Luís
Marques
POBRE CONSTITUIÇÃO
A Constituição está transformada numa bandeira da
esquerda e num espantalho da direita. A coisa está tão banalizada que já nem se
percebe que estamos a falar da Constituição da República Portuguesa (assim se
chama, com toda a dignidade, a lei fundamental do país) e não de um mero
folheto partidário, daqueles que os nossos políticos se entretém a discutir.
Hoje em dia é tão normal invocar a Constituição
como beber um copo de água. Qualquer iniciativa do Governo é acusada de
inconstitucional ainda antes de se saber bem o que é. O próprio Governo quando
anuncia qualquer medida trata de garantir a respetiva constitucionalidade, para
se antecipar à oposição, que garantirá o contrário. As medidas em si mesmas já
interessam pouco. O que vale é saber o que diz o Tribunal Constitucional sobre
as mesmas.
Este Tribunal está transformado no centro do poder
político.
Já não há praticamente ninguém que não recorra para
lá. O Presidente tem dúvidas sobre o Orçamento de 2013? Tribunal
Constitucional. O PS, o PCP, o Bloco de Esquerda, o provedor também têm
dúvidas? Tribunal Constitucional. Isto vale também por antecipação. Vem aí uma
reforma do Estado? A esquerda ameaça com o Tribunal Constitucional, ainda antes
de se saber do que se trata.
A Constituição da República Portuguesa (assim, com
toda a solenidade) serve para tudo.
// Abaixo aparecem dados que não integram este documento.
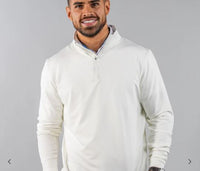 Scales Performance 1/4 Zip Men's Pullover - Star White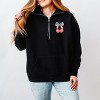 Simply Sage Market Patriotic Cherries Coquette Quarter Zip Fleece - 2 of 4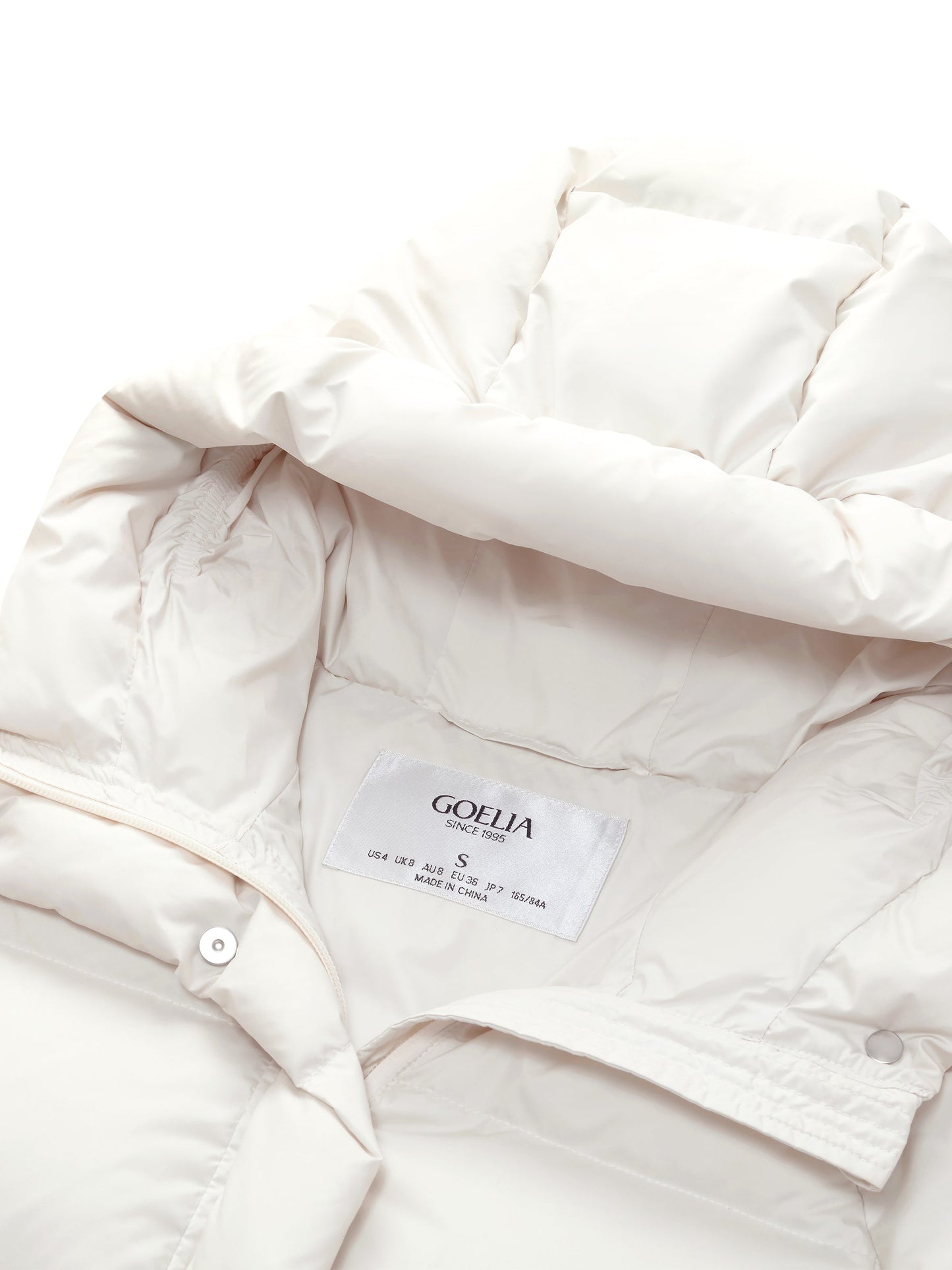 Hooded Zip-Up Goose Down Jacket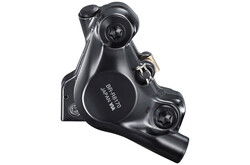 Shimano Ultera BR-8170 Hydraulic Disc Brake Caliper - Rear, Flat Mount, Finned Resin Brake Pads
Para paralisar a política. Para evitar a
discussão política. Para adiar a prisão de Isaltino Morais. Para atrasar a
destituição de Macário Correia da presidên
cia da Câmara de Faro. Para eternizar processos em
recurso.
Recorrer ao Tribunal que garante o respeito pela
Constituição é um elemento obrigatório na decisão de políticos e advogados.
A Constituição, ela própria, é motivo de
controvérsia. Pedro Passos Coelho começou por defender mais uma revisão da mesma,
como elemento fundador do seu projeto político. Para o efeito teve a
extraordinária ideia de indicar um monárquico para dirigir uma comissão que
produziu uma proposta que dorme hoje na gaveta das coisas inúteis. Morreu a
proposta e morreu a ideia. Resultado: uns garantem que não é preciso mexer na
Constituição. Outros defendem exatamente o contrário.
Na realidade, a Constituição dá para tudo um pouco.
Para quem quer mudar e para quem quer que tudo fique na mesma.
Invoca-se a Constituição por motivos de
conveniência. Portugal já não é verdadeiramente um país soberano, nem
independente. No entanto, a Constituição diz, nos seus artigos l.º e 7.º, que
Portugal é, respetivamente, uma “República soberana” regida pelo princípio da
“independência nacional”. Alguém se preocupa com isso?